Las olas de calor no solo impactan sobre cultivos, ecosistemas y salud humana. También alteran de forma directa la actividad biológica del suelo, comprometiendo funciones esenciales para el equilibrio ambiental y la productividad agrícola. Un estudio liderado por la Universidad de Córdoba que recoge la OleoRevista ha determinado que los microorganismos presentes en los suelos mediterráneos comienzan a perder funcionalidad cuando las temperaturas superan los 40 grados, llegando prácticamente a detener su actividad a partir de los 50 grados. La investigación, desarrollada junto a la Bangor University, analiza el comportamiento de distintos tipos de suelo mediterráneo ante escenarios extremos de temperatura y plantea estrategias para aumentar su capacidad de resistencia mediante la incorporación de residuos orgánicos.
La actividad microbiana se reduce drásticamente con temperaturas extremas
El trabajo demuestra que el incremento térmico afecta directamente a la eficiencia con la que los microorganismos del suelo capturan y procesan carbono, una función clave para el secuestro de CO₂ y la fertilidad de los ecosistemas agrícolas. A medida que aumenta la temperatura, la actividad microbiana se ralentiza y disminuye también la reserva de fósforo disponible en el suelo, un nutriente esencial para el desarrollo vegetal. Según los resultados obtenidos, esta disponibilidad llega a ser prácticamente inexistente cuando el suelo supera los 40 grados. Para llevar a cabo el estudio, el equipo investigador utilizó muestras de dos tipos de suelo mediterráneo, uno calcáreo procedente de Córdoba y otro ácido de Badajoz, sometidas a diferentes escenarios térmicos entre 20 y 50 grados.
La investigadora principal del trabajo, Sana Boubehziz, del grupo de Edafología del Departamento de Agronomía de la UCO, explica que las muestras fueron marcadas con isótopos radioactivos de carbono-14 con el objetivo de monitorizar la respiración microbiana y evaluar la capacidad de resistencia de los microorganismos.

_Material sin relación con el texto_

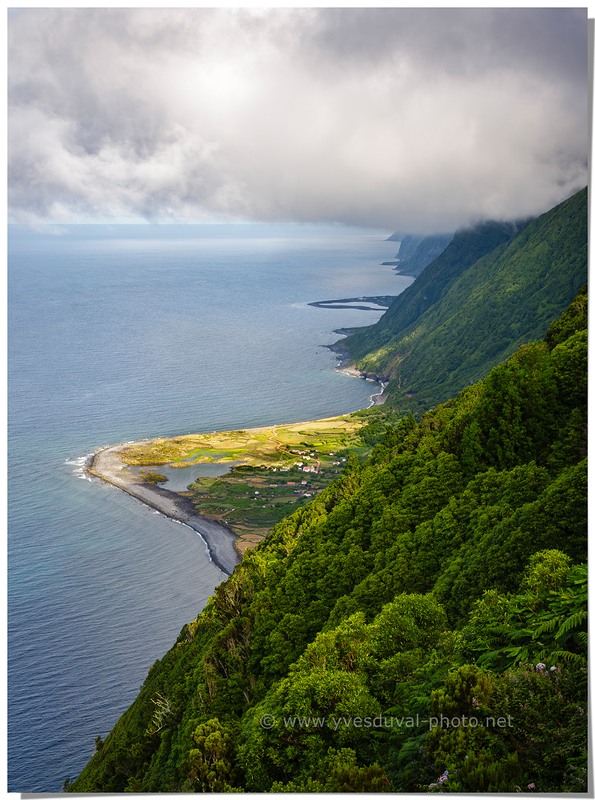 Vue sur Faja da Caldeira (Açores, Portugal)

El alperujo mejora la resistencia térmica del suelo
Más allá de identificar los efectos del calor extremo, el estudio evaluó posibles medidas para amortiguar la degradación del suelo mediante bioenmiendas ricas en materia orgánica. Los ensayos se realizaron con alperujo, principal subproducto de la industria oleícola, y restos orgánicos procedentes de plantas de tratamiento de residuos y aguas gestionadas por empresas municipales de Córdoba. Tras un periodo de incubación de dos semanas, los investigadores comprobaron que las muestras tratadas con aditivos orgánicos aumentaban significativamente tanto su resistencia térmica como la disponibilidad de fósforo.
Entre las distintas bioenmiendas analizadas, el alperujo mostró el mejor comportamiento, permitiendo incrementar la tolerancia del suelo hasta los 50 grados. El resultado refuerza el potencial de este subproducto del sector oleícola dentro de estrategias de economía circular aplicadas a la sostenibilidad agrícola.

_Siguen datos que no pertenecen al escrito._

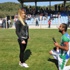 Futbol maçında evlilik teklifi
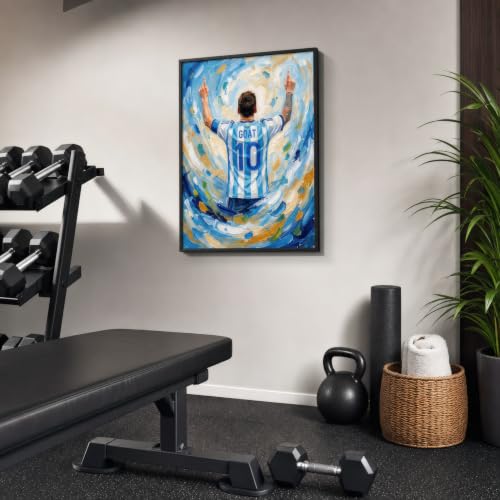 16x20 Messi Wall Art Poster - Large Soccer Bedroom Decor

El suelo mediterráneo se convierte en un frente clave frente al cambio climático
El estudio pone el foco sobre la vulnerabilidad específica de los suelos mediterráneos ante el avance del cambio climático y subraya la necesidad de aplicar modelos de gestión adaptados a las características de cada territorio. “Cada suelo es único y necesita un manejo específico”, señala Boubehziz, quien defiende el uso de fertilizantes orgánicos como una alternativa más sostenible y rentable a medio plazo para la agricultura. Además de mejorar la productividad, la conservación de la salud del suelo tiene implicaciones ambientales estratégicas. Considerado un recurso no renovable por su lenta capacidad de regeneración, el suelo desempeña un papel esencial en el secuestro de carbono y en la mitigación del cambio climático.
La investigación se enmarca además en el contexto de la futura Directiva Europea de Vigilancia del Suelo, orientada a garantizar la salud de los suelos europeos antes de 2030 mediante estrategias integrales de conservación y restauración.